England

RPS England responds to Health Committee report

The House of Commons Health and Social Care Committee has published a new report on ‘Clearing the backlog caused by the pandemic’, which includes calls for a national health and care recovery plan, a ‘long covid plan’, and an evaluation of NHS 111 call first services.

The Committee also focuses on workforce, reiterating the need for better workforce planning and calling for a ‘refreshed People Plan’ to support staff wellbeing.

RPS England Chair Thorrun Govind said:

“Pharmacists and pharmacy teams across the health service have shown enormous dedication to patient care throughout the pandemic. This latest committee report highlights once again the urgent need for robust workforce planning and support.

“With winter pressures and a spike in COVID-related staff absences, this also means prioritising essential work, cutting unnecessary bureaucracy, and ensuring pharmacists can take adequate rest breaks.

“The pandemic has shown just how important it is that the Government and NHS support collaboration across health professions to maintain patient access to care.

“If we are to clear the immediate backlog of care from the pandemic and support the NHS recovery in the longer-term, then we must see investment in pharmacy as part of a comprehensive workforce strategy."

The report comes as the Committee is set to hold two further inquiries on The Future of General Practice and Workforce.
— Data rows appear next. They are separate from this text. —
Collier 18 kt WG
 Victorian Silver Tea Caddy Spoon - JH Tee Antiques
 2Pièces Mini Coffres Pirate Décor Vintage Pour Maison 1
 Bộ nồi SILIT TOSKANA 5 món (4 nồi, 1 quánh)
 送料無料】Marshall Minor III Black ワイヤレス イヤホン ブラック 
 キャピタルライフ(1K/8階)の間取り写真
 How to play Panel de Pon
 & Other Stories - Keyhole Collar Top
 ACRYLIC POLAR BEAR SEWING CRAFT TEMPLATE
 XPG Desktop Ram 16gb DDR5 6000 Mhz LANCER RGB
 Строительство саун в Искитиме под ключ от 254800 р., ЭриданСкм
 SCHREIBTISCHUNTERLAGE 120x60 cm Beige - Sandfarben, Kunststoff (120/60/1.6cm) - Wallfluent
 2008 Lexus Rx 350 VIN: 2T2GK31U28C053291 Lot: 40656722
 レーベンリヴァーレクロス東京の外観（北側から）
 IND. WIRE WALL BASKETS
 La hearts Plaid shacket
Our written submission on The Future of General Practice highlights key issues including:

  • The need to consider patient access to care more widely.
  • The increasing role of pharmacists in general practice and Primary Care Networks.
  • Supporting collaboration across health professions and care settings.
  • Maximising  referrals into the Community Pharmacist Consultation Service.
  • Exploring a ‘Pharmacy First’ approach to minor ailments in England.
  • Utilising and growing the numbers of Pharmacist Independent Prescribers.
  • Enabling pharmacists to make minor changes to prescriptions.
  • Investment in pharmacy education and training.